Any fool can destroy trees. They cannot run away; and if they could, they would still be destroyed, chased and hunted down as long as fun or a dollar could be got out of their bark hides, branching horns, or magnificent bole backbones. Few that fell trees plant them; nor would planting avail much towards getting back anything like the noble primeval forests. During a man's life only saplings can be grown, in place of old trees -- tens of centuries old -- that have been destroyed. It took more than three thousand years to make some of the trees in these Western woods, -- trees that are still standing in perfect strength and beauty, waving and singing in the mighty forests of the Sierra. Through all the wonderful, eventful centuries since Christ's time -- and long before that -- God has cared for these trees, saved them from drought, disease, avalanches, and a thousand straining, leveling tempests and floods, but he cannot save them from fools, -- only Uncle Sam can do that.
-- John Muir

 


 

What is the purpose of the giant sequoia tree? The purpose of the giant sequoia tree is to provide shade for the tiny titmouse.
-- Edward Abbey

 


Thomas Jefferson’s Remarks on the Destruction of Forests

A friend of Thomas Jefferson wrote, in describing the new Federal City:

Indeed the whole plain was diversified with groves ... of forest trees which gave it the appearance of a fine park. Such as grew on the public grounds ought to have been preserved ... the poorer inhabitants cut down these noble and beautiful trees for fuel. In one single night seventy tulip-poplars were girdled, by which process life is destroyed, and afterwards cut up at their leisure ... Nothing affected Mr. Jefferson like this wanton destruction of the fine trees scattered over the city-grounds. I remember ... his exclaiming "I wish I was a despot that I might save the noble, the beautiful trees that are daily falling sacrifice to the cupidity of their owners, or the necessity of the poor." "And have you not authority to save those on the public grounds?" asked one of the company. "No!" answered Mr.
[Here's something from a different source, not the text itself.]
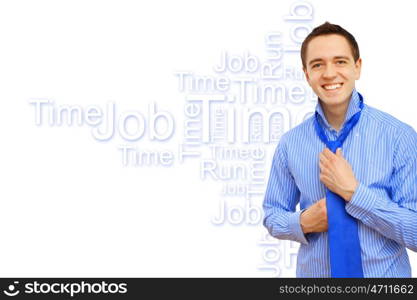 Attractive young business man binding his blue tie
J., "Only an armed guard could save them. The unnecessary felling of a tree, perhaps the growth of centuries, seems to me a crime little short of murder, it pains me to an unspeakable degree."

-- quoted in Maryland Native Plant Society, Native News, Vol. 3, number 3 (December 1995), p. 6

 


"To Wake Up One Day Different"

dialogue with rainforest defender John Seed and Ram Dass, from 1991, best introduction I've read to deep ecology, one of the few that integrates a deep ecology perspective with the inescapable fact that all future generations are stuck being "nuclear babysitters" to keep our radioactive excrement out of the biosphere as much as possible

www.oilempire.us/deep-ecology.html

 


 

From the "Guide to the Flora of Washington [DC] and Vicinity,"
Lester F. Ward, A.M., A Bulletin of the US National Museum, 1881

"In many respects the botanist looks at the world from a point of view precisely the reverse of that of other people. Rich fields of corn are to him waste lands; cities are his abhorrence, and great open areas under high cultivation he calls 'poor country'; while on the other hand the impenetrable forest delights his gaze, the rocky cliff charms him, thin-soiled barrens, boggy fens, and unreclaimable swamps and morasses are for him the finest land in a State. He takes no delight in the 'march of civilization,' the ax and the plow are to him symbols of barbarism, and the reclaiming of waste lands and opening up of his favorite haunts to civilization he instinctively denounces as acts of vandalism."

 


When I would recreate myself, I seek the darkest wood, the thickest and most interminable, and to the citizen, most dismal swamp. I enter the swamp as a sacred place - a "sanctum sanctorum." There is the strength, the marrow of nature.